Single, and loving it
Bringing a spiritual perspective to daily life
From the Internet to the TV set in your living room comes great social pressure to be part of a couple. An endless stream of reality shows such as "The Bachelor," "Joe Millionaire," "The Bachelorette" fill prime-time slots on evening television. Burgeoning online dating services suggest that meeting someone should be as easy as the click of a mouse.
The overall message is: If you aren't in a romantic relationship, you should be making every effort to get into one.
It's easy to understand why singles might think they are left out or left behind as they sit down to a frozen meal more than once a week, alone.
A look at trends in US demographics, however, shows that the number of people living alone is actually increasing. In fact, over the past two decades solitary living has increased 87 percent. The 2000 Census revealed that 26 percent of the population lives alone.
But those statistics weren't offering much consolation to me on empty Friday evenings. Intellectually it was nice to know that there were lots of people like me, but it didn't stop those lonely nights or disappointing endings to dating relationships. Watching my friends start families of their own made me feel as if I was failing.
After one serious breakup, I was grief-stricken. For months my goal was simply to make it through the week without dissolving into tears. But I was also praying, turning to God to listen for messages of comfort in the middle of what seemed to be an unbearable trial.
The messages came. One was found in the opening line of the 23rd Psalm, which begins, "The Lord is my shepherd; I shall not want."
This ancient biblical promise speaks so directly today to the human discomfort of moving on, whether it's from a cherished home, a job, or even an unhappy relationship.
Mary Baker Eddy, the founder of this newspaper, has a special way of interpreting the 23rd Psalm: "[DIVINE LOVE] is my shepherd," she wrote, "I shall not want" ("Science and Health with Key to the Scriptures," page 578).
I began to let this thought nudge me forward, away from ruminating over the lost relationship. I realized that if love is what guides me forward, how could it be missing from my journey?
Instead of praying to bring love back into my life, I started letting love move me through life. And that meant loving every minute of it, even when the hours seemed too quiet.
I made the effort to appreciate the ways goodness appeared in my life, even simple things such as the late- afternoon sun filtering through my windows or a helpful gesture from a total stranger. Recognizing the completeness of my day when it seemed easier to feel lonely opened my thought to making new friends and enjoying the rhythm of my work.
Feeling complete without being in a relationship doesn't mean resignation to living a life of solitude. It means being completely willing to love, even if it feels hard.
This understanding can relieve singles from feelings of anxiety for not finding the "right one," and it can even free those in relationships from concerns about being with the "wrong one."
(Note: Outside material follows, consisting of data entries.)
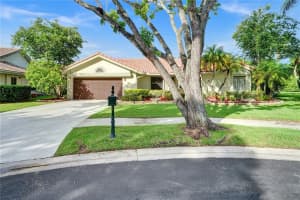 2010 Lakeshore Drive, Weston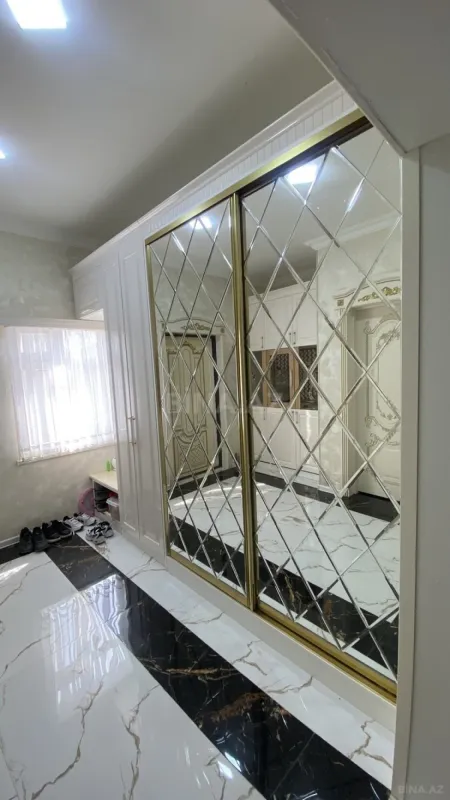 Satılır 4 otaqlı həyət evi 132 m²
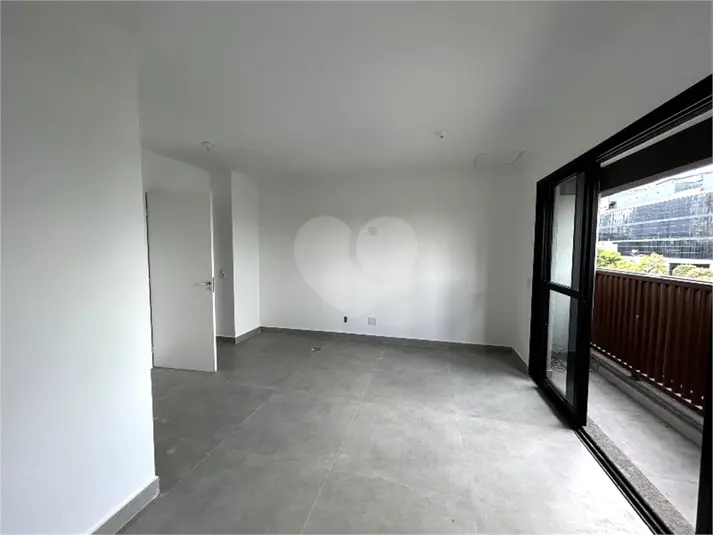 Salas com 1 quarto à venda ou para alugar em Pinheiros – SP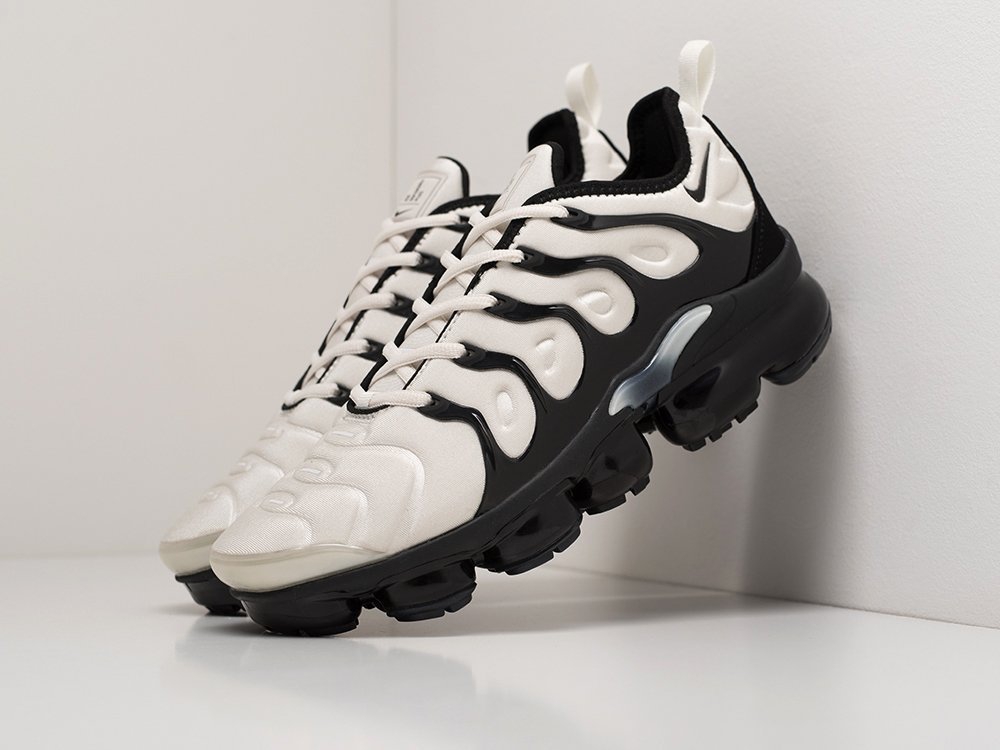 Nike Air VaporMax Plus белые мужские (AR19947) - фото 2 Nike Air VaporMax Plus белые мужские (AR19947) - фото 2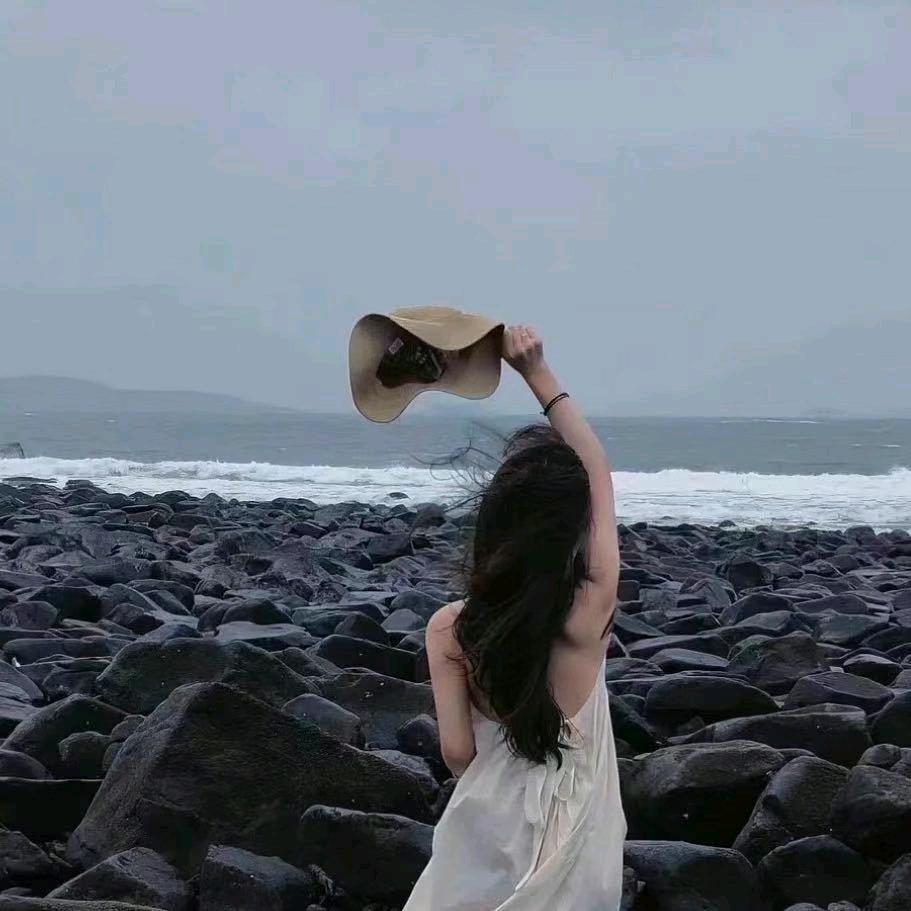 芷芷穿不完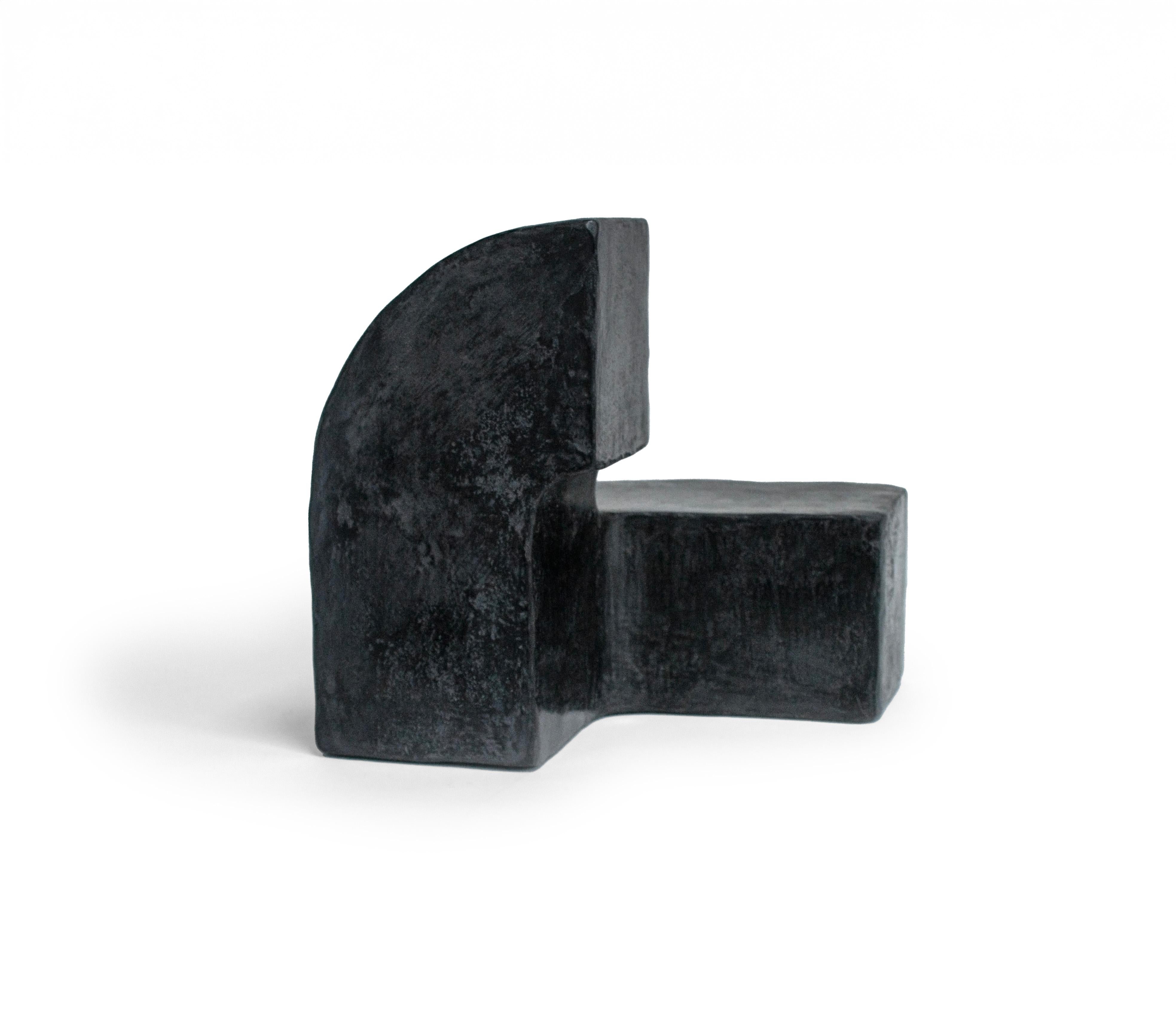 XXI secolo e contemporaneo Scultura artigianale Black Alongside In di Rachael Heritage in vendita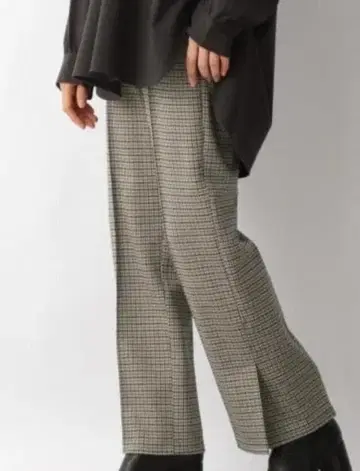 미사용품 [ LOWRYS FARM ] 체크 분또 슬릿 팬츠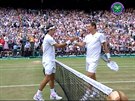 Tomá Berdych prohrál v semifinále Wimbledonu se  výcarem Rogerem Federerem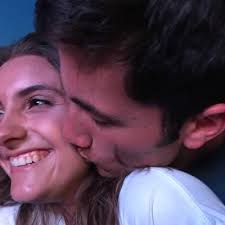 Danielle Medlin (@Daniilovesyou23)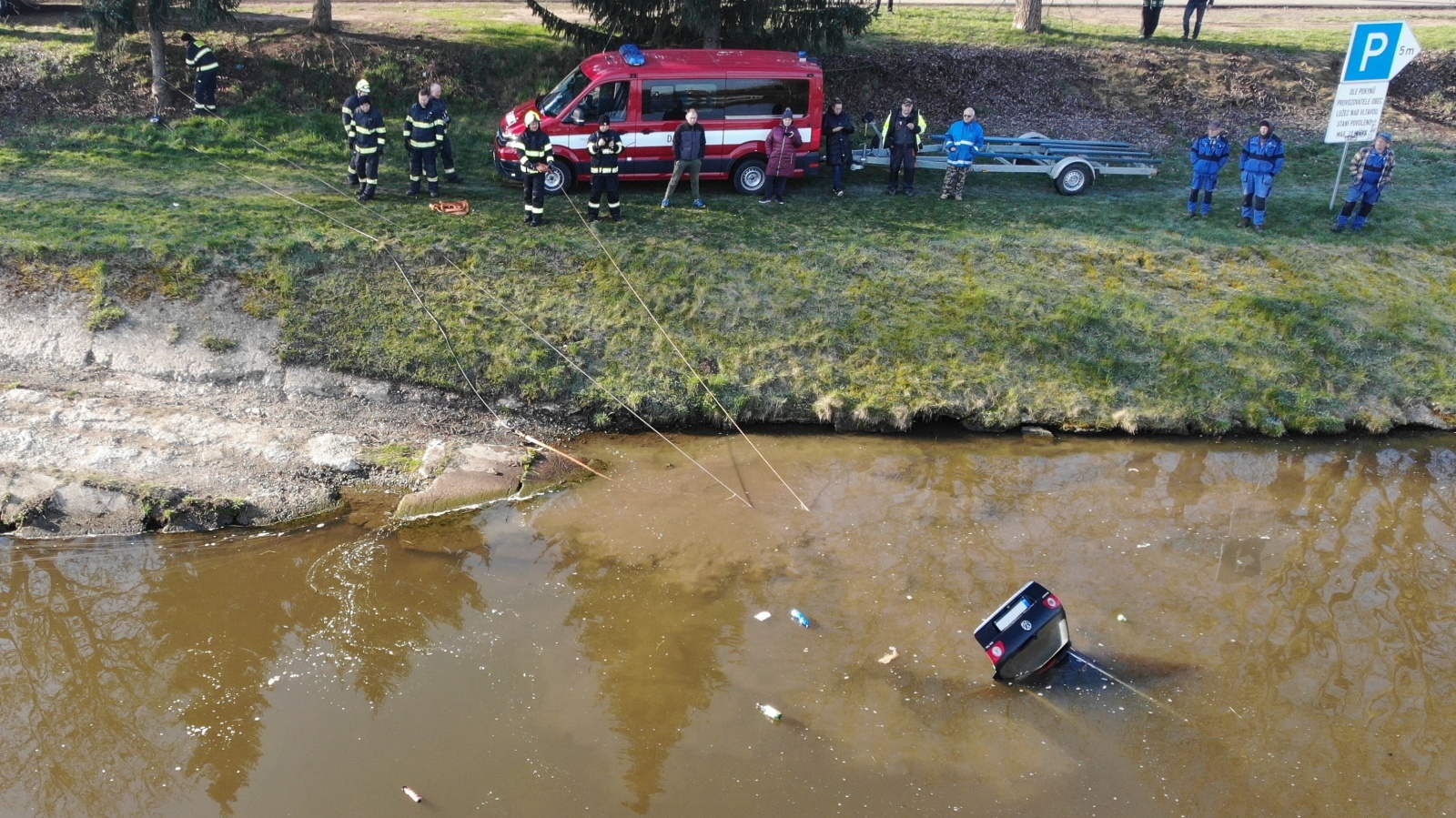 013-Osobní automobil v plavebním kanálu v Lužci nad Vltavou.JPG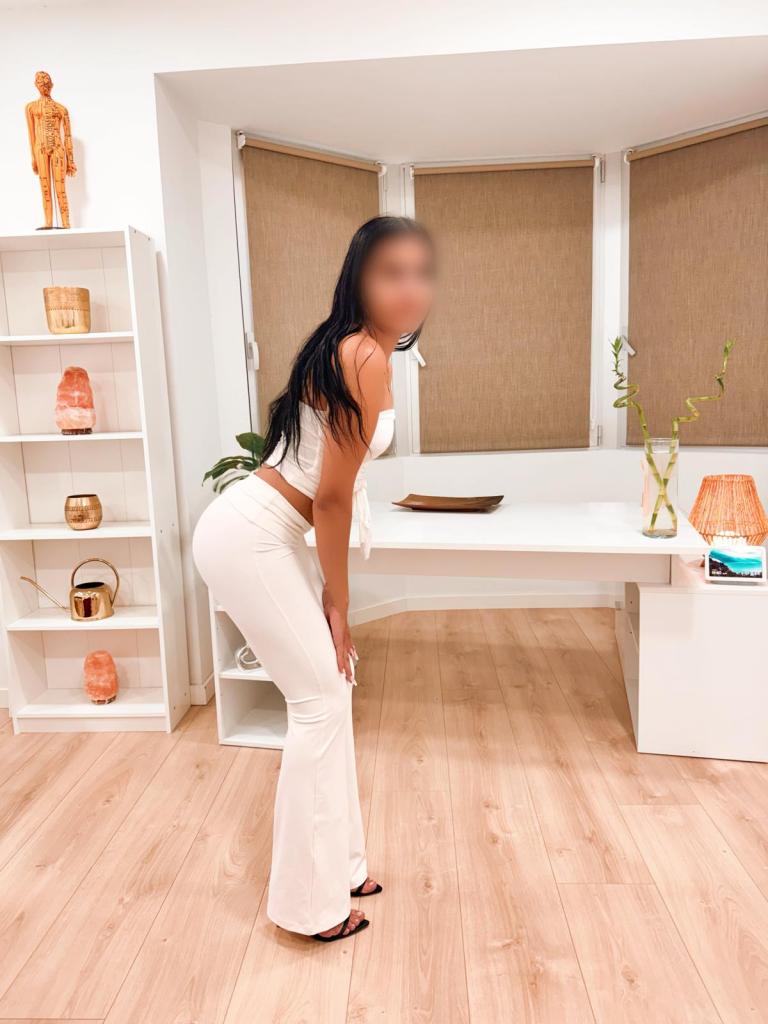 Chica busca chico en Mallorca: 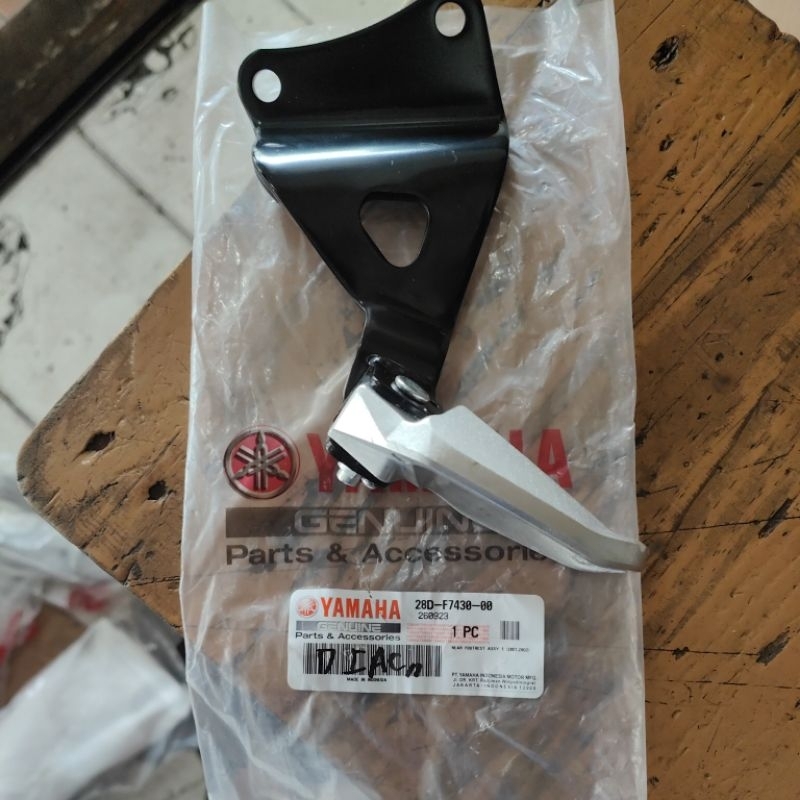 kedudukan footstep belakang kiri LH mio smile karbu ori yamaha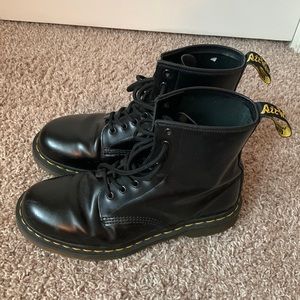 Doc Martens classic black boots (1460)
For me, accepting that I wasn't missing out on the good in my life lifted those depressing feelings of loss. What I did finally lose was that nagging question: "What's wrong with me?"
I'm no longer afraid of being alone on Friday nights, even if they are a bit quiet, because a Love-filled quiet isn't lonely at all.
Thoughts unspoken are not unknown to the divine Mind. Desire is prayer; and no loss
can occur from trusting God
with our desires,
that they may be moulded and
exalted before they take form
in words and in deeds.
Mary Baker Eddy
(Founder of Christian Science)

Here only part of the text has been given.